The finesse of a gold bar is the weight of the gold present in the bar

Official Explanation

According to the text, the finesse of a gold bar is equal to the weight of gold in the bar divided by the total weight of the bar. The text also indicates that the three gold bars have the same weight, that the first two bars have the same finesse, and that melting and combining the three bars would result in a gold bar with a finesse of 0.96. Since the first two bars have identical finesse and identical weight, the weight of the gold present in those bars must also be identical.
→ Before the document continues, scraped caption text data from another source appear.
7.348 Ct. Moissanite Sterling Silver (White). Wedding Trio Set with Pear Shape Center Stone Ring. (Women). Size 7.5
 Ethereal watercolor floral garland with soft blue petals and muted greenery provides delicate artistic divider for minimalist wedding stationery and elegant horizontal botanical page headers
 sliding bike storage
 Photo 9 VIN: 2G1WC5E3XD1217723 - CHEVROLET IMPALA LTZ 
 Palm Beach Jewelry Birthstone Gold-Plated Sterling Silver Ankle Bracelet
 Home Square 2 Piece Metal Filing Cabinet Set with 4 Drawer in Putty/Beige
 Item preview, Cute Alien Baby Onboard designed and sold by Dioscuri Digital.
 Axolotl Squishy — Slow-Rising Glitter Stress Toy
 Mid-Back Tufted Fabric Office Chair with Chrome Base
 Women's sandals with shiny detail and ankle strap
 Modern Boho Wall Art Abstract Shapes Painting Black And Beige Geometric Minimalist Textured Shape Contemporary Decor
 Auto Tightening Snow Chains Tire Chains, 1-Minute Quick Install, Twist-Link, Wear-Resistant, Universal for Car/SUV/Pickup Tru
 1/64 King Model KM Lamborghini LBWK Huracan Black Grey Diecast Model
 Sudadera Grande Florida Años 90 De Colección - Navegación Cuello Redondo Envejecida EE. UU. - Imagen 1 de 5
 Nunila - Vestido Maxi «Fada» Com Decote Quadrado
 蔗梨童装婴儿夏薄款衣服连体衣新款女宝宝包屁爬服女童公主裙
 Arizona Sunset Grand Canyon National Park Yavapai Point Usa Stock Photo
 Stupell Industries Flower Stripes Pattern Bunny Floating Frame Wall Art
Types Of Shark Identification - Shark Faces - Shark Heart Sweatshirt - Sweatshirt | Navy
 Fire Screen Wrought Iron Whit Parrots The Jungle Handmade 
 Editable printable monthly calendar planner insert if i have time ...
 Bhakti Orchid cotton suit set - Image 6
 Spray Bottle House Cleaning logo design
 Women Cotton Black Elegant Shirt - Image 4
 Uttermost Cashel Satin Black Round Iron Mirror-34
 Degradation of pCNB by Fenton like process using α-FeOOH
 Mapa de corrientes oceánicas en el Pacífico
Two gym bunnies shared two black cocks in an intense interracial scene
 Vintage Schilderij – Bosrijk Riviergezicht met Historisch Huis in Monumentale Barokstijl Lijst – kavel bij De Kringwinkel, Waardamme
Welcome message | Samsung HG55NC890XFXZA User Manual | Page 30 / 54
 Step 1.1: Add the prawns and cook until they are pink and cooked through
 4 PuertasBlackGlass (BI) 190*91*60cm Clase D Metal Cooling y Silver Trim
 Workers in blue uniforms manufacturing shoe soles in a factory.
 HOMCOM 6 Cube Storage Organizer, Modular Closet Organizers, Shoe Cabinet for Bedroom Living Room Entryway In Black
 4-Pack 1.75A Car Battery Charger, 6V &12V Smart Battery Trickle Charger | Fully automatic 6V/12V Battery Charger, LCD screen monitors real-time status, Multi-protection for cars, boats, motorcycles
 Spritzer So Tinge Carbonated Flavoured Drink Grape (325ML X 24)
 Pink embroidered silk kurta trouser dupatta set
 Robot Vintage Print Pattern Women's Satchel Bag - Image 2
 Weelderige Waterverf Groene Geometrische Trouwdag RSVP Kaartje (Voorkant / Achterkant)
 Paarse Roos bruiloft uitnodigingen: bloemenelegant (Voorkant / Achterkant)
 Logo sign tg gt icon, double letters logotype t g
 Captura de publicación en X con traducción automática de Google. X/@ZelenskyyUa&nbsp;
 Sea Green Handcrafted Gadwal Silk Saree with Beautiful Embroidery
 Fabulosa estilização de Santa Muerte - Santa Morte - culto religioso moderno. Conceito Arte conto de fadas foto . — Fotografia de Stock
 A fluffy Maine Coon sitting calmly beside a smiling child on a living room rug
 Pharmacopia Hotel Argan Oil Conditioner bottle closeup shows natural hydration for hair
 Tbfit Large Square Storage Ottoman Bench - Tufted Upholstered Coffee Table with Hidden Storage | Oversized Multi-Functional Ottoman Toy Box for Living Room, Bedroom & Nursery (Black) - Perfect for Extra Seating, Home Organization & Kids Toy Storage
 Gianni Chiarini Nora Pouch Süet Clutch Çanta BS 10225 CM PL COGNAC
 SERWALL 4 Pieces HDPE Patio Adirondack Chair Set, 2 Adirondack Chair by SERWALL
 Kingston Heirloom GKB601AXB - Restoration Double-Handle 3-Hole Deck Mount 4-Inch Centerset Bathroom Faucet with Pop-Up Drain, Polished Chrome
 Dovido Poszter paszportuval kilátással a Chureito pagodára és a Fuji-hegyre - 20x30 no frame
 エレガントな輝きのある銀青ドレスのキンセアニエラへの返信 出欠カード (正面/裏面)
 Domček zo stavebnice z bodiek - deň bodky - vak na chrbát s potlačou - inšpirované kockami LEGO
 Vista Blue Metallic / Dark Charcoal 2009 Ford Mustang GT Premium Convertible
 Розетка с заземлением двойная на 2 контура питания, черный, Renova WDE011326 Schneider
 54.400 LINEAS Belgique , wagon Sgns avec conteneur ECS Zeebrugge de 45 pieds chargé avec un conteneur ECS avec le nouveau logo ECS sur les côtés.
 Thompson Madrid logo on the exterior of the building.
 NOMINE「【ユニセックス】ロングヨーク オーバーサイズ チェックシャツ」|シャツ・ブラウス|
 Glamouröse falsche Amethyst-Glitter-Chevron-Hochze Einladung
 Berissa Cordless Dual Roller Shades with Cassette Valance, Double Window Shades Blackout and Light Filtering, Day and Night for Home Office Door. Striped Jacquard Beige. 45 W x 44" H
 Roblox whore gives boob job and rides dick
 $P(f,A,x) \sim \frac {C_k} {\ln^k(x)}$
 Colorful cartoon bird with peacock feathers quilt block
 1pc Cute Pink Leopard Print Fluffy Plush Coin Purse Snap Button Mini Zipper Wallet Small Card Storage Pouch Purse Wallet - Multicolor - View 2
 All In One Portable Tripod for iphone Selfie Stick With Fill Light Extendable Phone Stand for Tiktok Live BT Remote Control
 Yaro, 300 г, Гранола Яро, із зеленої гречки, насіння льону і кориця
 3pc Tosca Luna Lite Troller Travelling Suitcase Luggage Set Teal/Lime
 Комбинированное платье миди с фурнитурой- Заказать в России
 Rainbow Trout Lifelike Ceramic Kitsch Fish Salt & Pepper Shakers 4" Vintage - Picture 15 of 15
Let x equal the weight of the gold in each of the first two bars, let y equal the weight of the gold in the third bar, and let w be the total weight of each bar. Then, since the finesse of the combined bar is 0.96, it must be the case that

\(\frac{2x+y}{3w}=0.96\) or \(2(\frac{x}{w})+(\frac{y}{w})=(0.96)(3)=2.88\). But then if \(F_{1}=\frac{x}{w}\) is the finesse of each of the first two bars,

and \(F_{3}=\frac{y}{w}\) is the finesse of the third bar, then \(2F_{1}+F_{3}=2.88\). Among the available options, substituting 0.98

for \(F_{1}\) and 0.92 for \(F_{3}\) gives us \(2(0.98) + 0.92 = 1.96 + 0.92 = 2.88\).

No other pair of options yields the correct result.

Answer

Third bar: 0.92
First two bars: 0.98